Given information section start

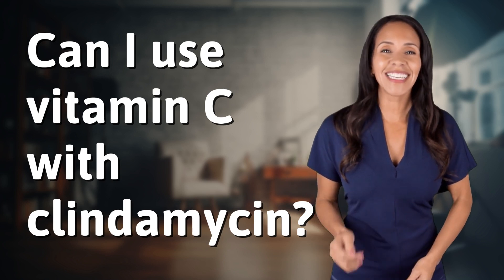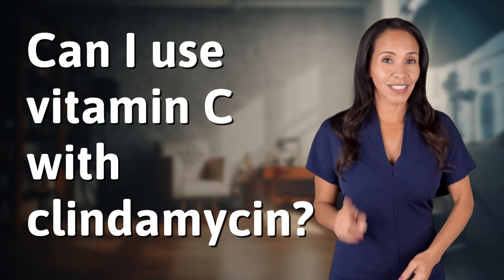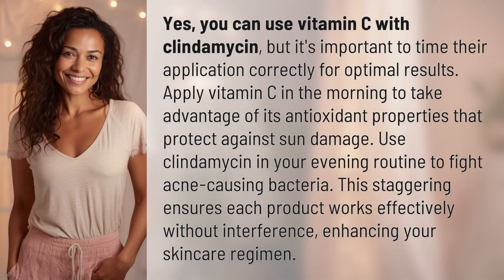Unlocking a world of knowledge in an instant. Ready for today's quick insight? Yes, you can use vitamin C with clindamycin, but it's important to time their application correctly for optimal results.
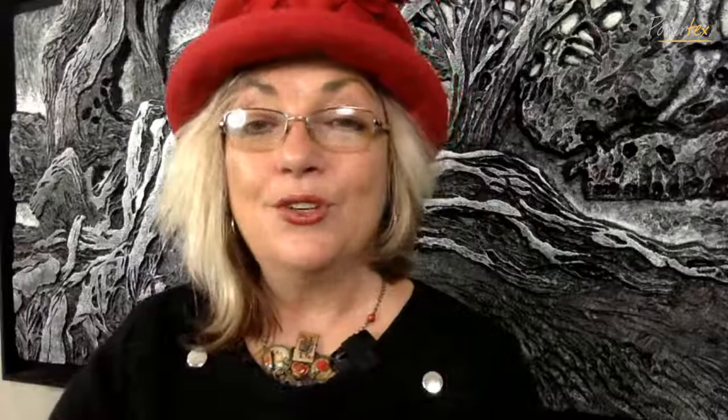Christine is just asking: how can you incorporate polymer clay with Powtex, and do you have to bake the polymer clay? Absolutely, you would have to bake the polymer clay, Christine. That's something we can talk about another time and I'll put that in my to-do list. But essentially, you would make the polymer clay elements and then add them onto your sculptures in the same way as you do your standing figures and attach your plaster torsos or plaster hands. So you would just make the elements you're going to attach yourself instead of purchasing the pre-made ones. Thank you for that question — that's awesome.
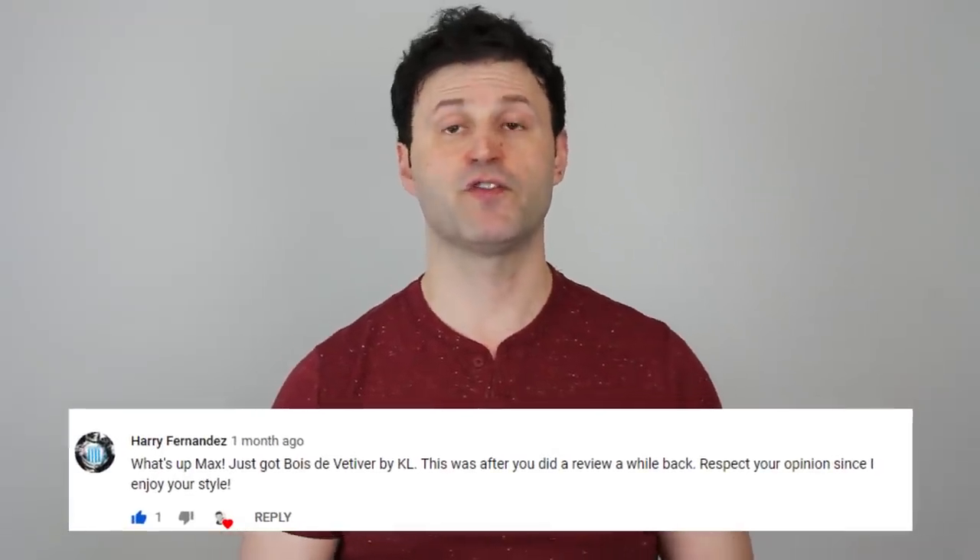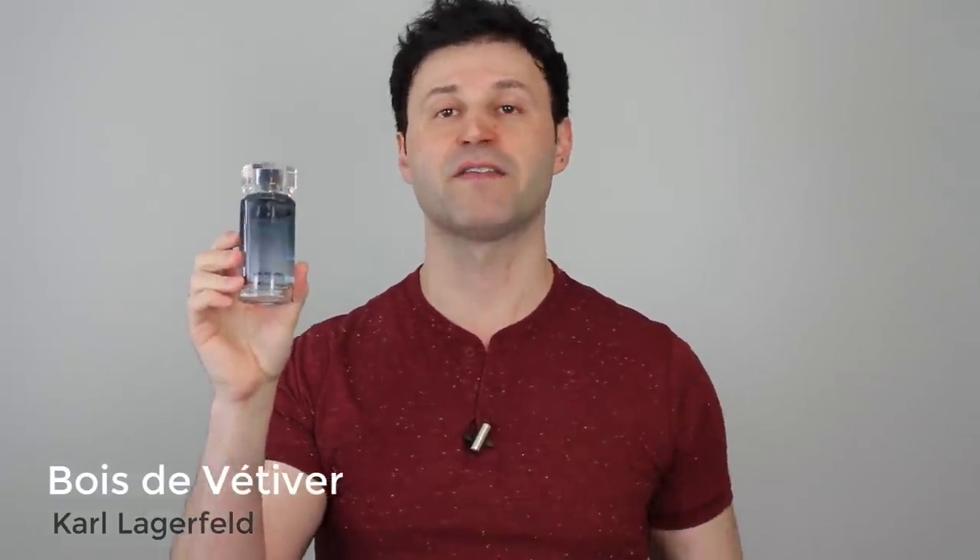This next choice comes from viewer Harry Fernandez — thank you so much for this choice. I actually really enjoy this fragrance. This is from the house of Karl Lagerfeld. I actually have a full review on this fragrance, so go check it out. This is perfection for the springtime. This one here is called Bois de Vativer — woods and vetiver from the house of Karl Lagerfeld. Hidden gem alert. Nobody's really talking about this fragrance. This just smells fantastic, very easy to wear, a pick-up-and-go type scent. A very lovely composition that goes perfectly for the springtime and early fall. I absolutely love Bois de Vativer.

Given information section end

The data shown above must be printed again exactly, with no images included.

Unlocking a world of knowledge in an instant. Ready for today's quick insight? Yes, you can use vitamin C with clindamycin, but it's important to time their application correctly for optimal results.
Christine is just asking: how can you incorporate polymer clay with Powtex, and do you have to bake the polymer clay? Absolutely, you would have to bake the polymer clay, Christine. That's something we can talk about another time and I'll put that in my to-do list. But essentially, you would make the polymer clay elements and then add them onto your sculptures in the same way as you do your standing figures and attach your plaster torsos or plaster hands. So you would just make the elements you're going to attach yourself instead of purchasing the pre-made ones. Thank you for that question — that's awesome.
This next choice comes from viewer Harry Fernandez — thank you so much for this choice. I actually really enjoy this fragrance. This is from the house of Karl Lagerfeld. I actually have a full review on this fragrance, so go check it out. This is perfection for the springtime. This one here is called Bois de Vativer — woods and vetiver from the house of Karl Lagerfeld. Hidden gem alert. Nobody's really talking about this fragrance. This just smells fantastic, very easy to wear, a pick-up-and-go type scent. A very lovely composition that goes perfectly for the springtime and early fall. I absolutely love Bois de Vativer.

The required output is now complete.